Der Rechtspfleger hat der sofortigen Beschwerde am 9. März 2011 nicht abgeholfen und die Sache dem Hessischen Landesarbeitsgericht zur Entscheidung vorgelegt.
Die Beklagten tragen vor, man habe mit dem vormaligen Prozessbevollmächtigten der Klägerin am 20. September 2010 telefonisch vereinbart, dass er sich so lange nicht zu dem Berufungsverfahren melden werde, bis sie, die Beklagten, Klarheit darüber hätten, ob sie die Berufung tatsächlich durchführen. Der vormalige Prozessbevollmächtigte der Klägerin habe dem ausdrücklich zugestimmt.

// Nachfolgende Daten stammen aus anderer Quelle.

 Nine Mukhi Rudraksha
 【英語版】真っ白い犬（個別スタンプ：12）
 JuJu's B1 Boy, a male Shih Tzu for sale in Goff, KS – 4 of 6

Zur Glaubhaftmachung legen die Beklagten eine E-Mail des ehemaligen Prozessbevollmächtigten der Klägerin vom 29. März 2011 vor (Blatt 333 d.A.).
Die derzeitigen Prozessbevollmächtigten der Klägerin wenden ein, sie hätten von dieser Vereinbarung nichts gewusst.

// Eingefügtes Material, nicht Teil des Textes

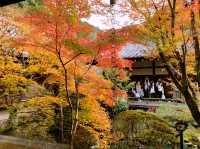 京都[紅葉めぐり]  永観堂(禅林寺)  圧巻の堂内編
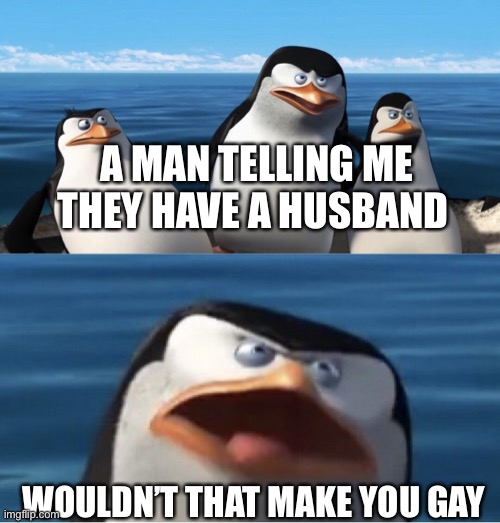 Penguins | A MAN TELLING ME THEY HAVE A HUSBAND; WOULDN’T THAT MAKE YOU GAY | image tagged in penguins,penguins of madagascar | made w/ Imgflip meme maker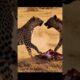 *Hyena vs Leopard* "Wildlife Attack Moments | Epic Animal Fights & Survival | Beast Battle Shorts"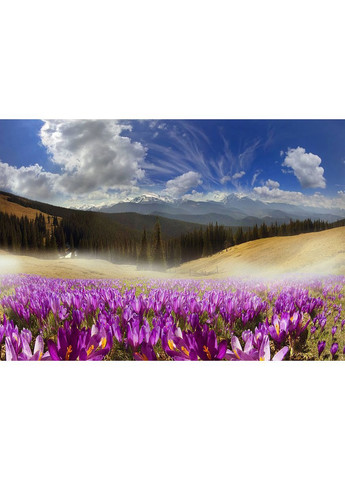 Календар настінний квартальний на 2026 рік Природа України/ Карпати Apriori (368561376)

Wegen des weiteren Vorbringens der Parteien im Beschwerdeverfahren wird auf den Akteninhalt im Übrigen verwiesen.
Entscheidungsgründe
II.
Die sofortige Beschwerde der Beklagten ist gemäß den §§ 104 Abs. 3, 567 Abs. 2 ZPO; 11 Abs. 1 RPflegerG; 78 ArbGG statthaft, der Beschwerdewert von mehr als 200,00 EUR ist erreicht. Auch im Übrigen ist die Beschwerde zulässig, insbesondere ist sie form- und fristgerecht eingelegt.
Der Rechtspfleger hat der sofortigen Beschwerde nicht abgeholfen (§ 572 Abs. 1 ZPO).

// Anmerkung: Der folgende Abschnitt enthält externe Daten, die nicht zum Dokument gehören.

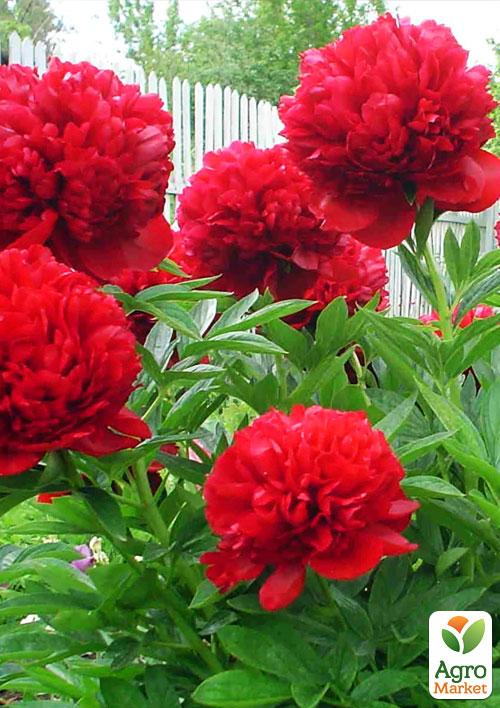 Півонія трав'яниста Діана Паркс NEW
Півонія трав'яниста Діана Паркс NEW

Die sofortige Beschwerde ist begründet.
Die Klägerin kann von den Beklagten nicht die Erstattung der begehrten Kosten verlangen. Der Rechtspfleger hat dem Kostenfestsetzungsantrag der Klägerin zu Unrecht entsprochen.
Nach dem Gesetz (§ 91 Abs. 1 und Abs. 2 ZPO) hat die unterliegende Partei die Kosten des Rechtsstreits zu tragen. Diese Pflicht reicht so weit, wie die Kosten zur zweckentsprechenden Rechtsverfolgung oder Rechtsverteidigung notwendig waren. Es entspricht höchstrichterlicher Rechtsansicht, dass der Berufungsgegner, selbst wenn ein Rechtsmittel ausdrücklich nur „fristwahrend” eingelegt wurde, grundsätzlich sofort einen Anwalt mit seiner Vertretung im Berufungsverfahren beauftragen kann, ohne gegen die Grundsätze des § 91 ZPO zu verstoßen (BAG vom 14. November 2007, NJW 2008, 1340; BGH v. 17. Dezember 2002 – X ZB 9/02 –, JurBüro 2003, 257; BAG v. 16. Juli 2003 – 2 AZB 50/02 –, NZA 2003, 1293). Dem folgt die erkennende Kammer seit langem (vgl. Kammerbeschlüsse. v. 20. Oktober 2003 – 13 Ta 387/03 und 13 Ta 388/03 –, vom 30. Oktober 2003 – 13 Ta 397/03 –, vom 29. März 2004 ...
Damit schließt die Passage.